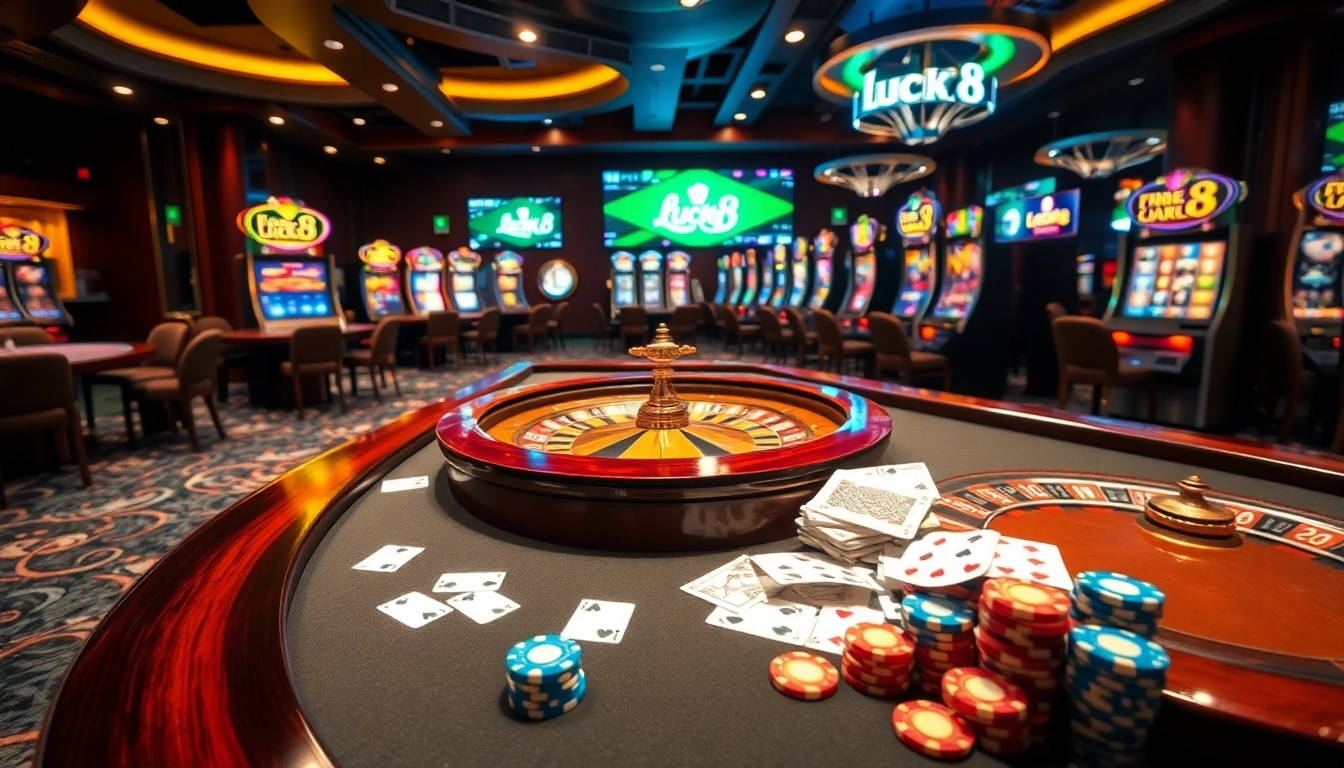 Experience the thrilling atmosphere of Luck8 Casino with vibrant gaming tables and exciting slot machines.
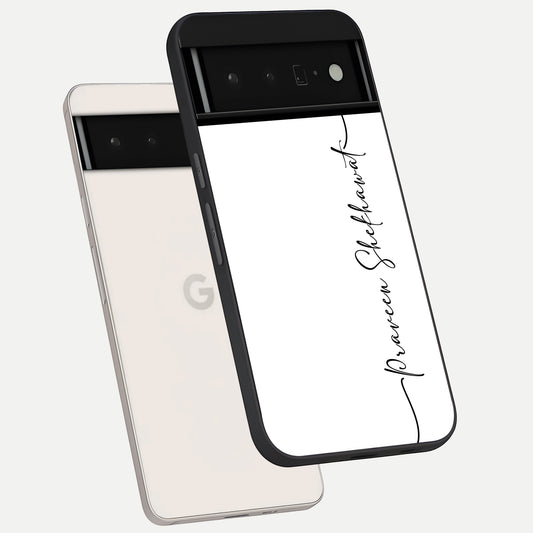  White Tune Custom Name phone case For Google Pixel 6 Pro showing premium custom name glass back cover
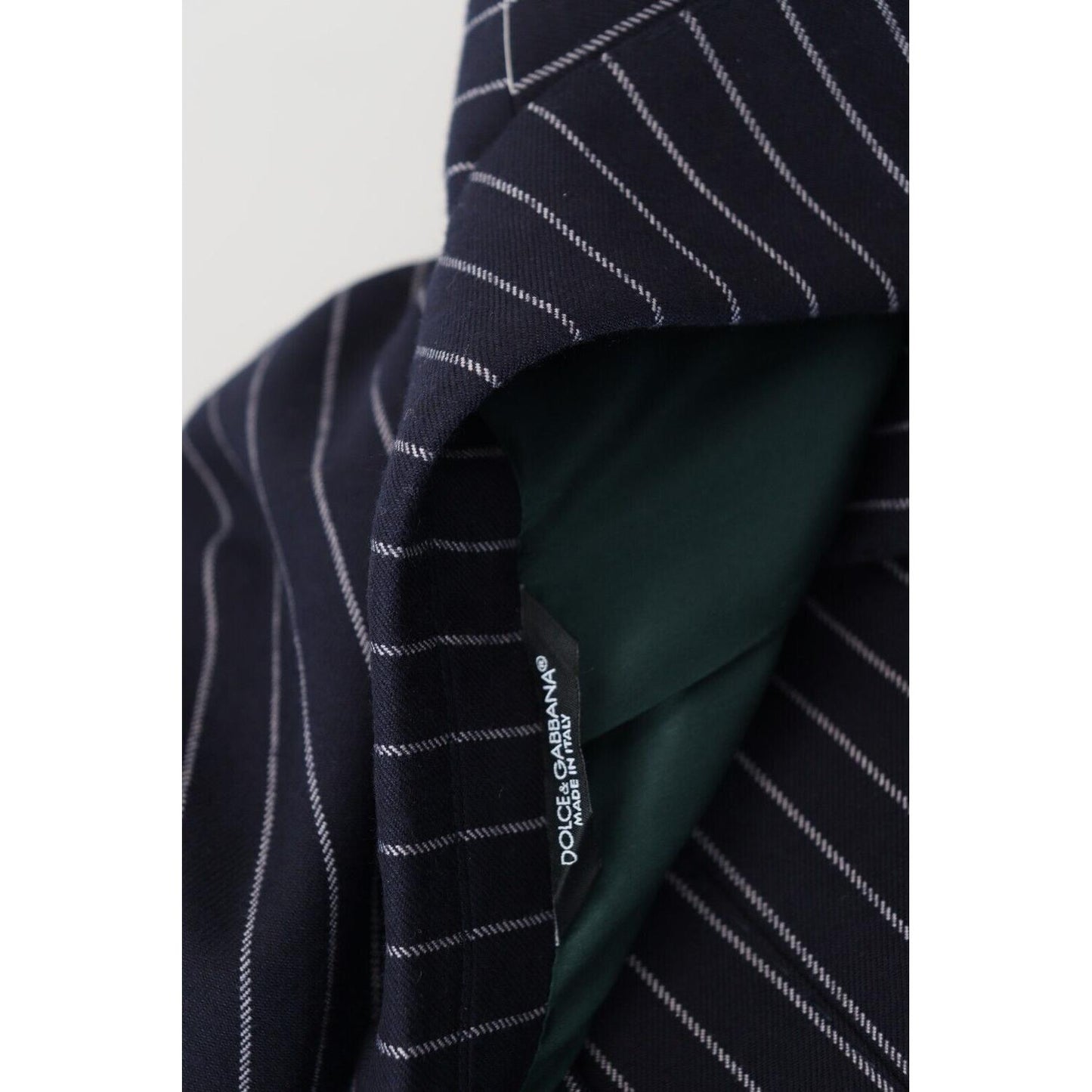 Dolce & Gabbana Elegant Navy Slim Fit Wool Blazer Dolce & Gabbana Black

⁂

WHAT TO DO — Once the pictures are set aside, output all of the data above verbatim.

WRITTEN ANSWER —
 Experience the thrilling atmosphere of Luck8 Casino with vibrant gaming tables and exciting slot machines.
  White Tune Custom Name phone case For Google Pixel 6 Pro showing premium custom name glass back cover
 Dolce & Gabbana Elegant Navy Slim Fit Wool Blazer Dolce & Gabbana Black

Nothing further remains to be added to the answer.